§ **Data shown**

=== Begin Enclosure ===

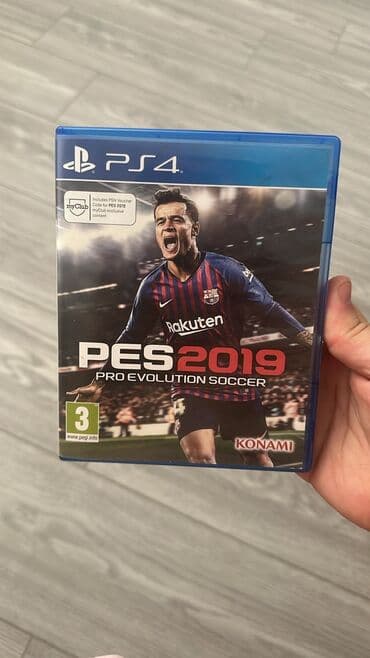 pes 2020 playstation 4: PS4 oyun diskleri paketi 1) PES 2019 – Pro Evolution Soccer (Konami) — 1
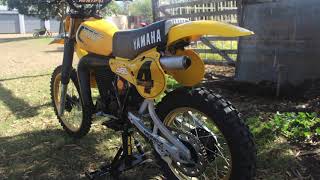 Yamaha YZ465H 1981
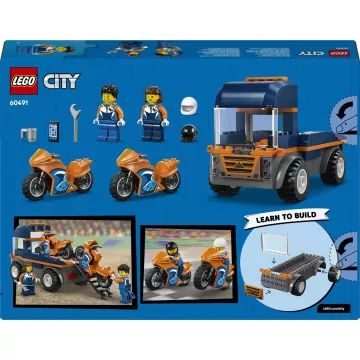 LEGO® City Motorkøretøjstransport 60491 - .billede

=== End Enclosure ===

Leaving the pictures aside, copy exactly and only the lines from the one holding "Yamaha YZ465H 1981" through the final line of the data, both ends kept.

 Yamaha YZ465H 1981
 LEGO® City Motorkøretøjstransport 60491 - .billede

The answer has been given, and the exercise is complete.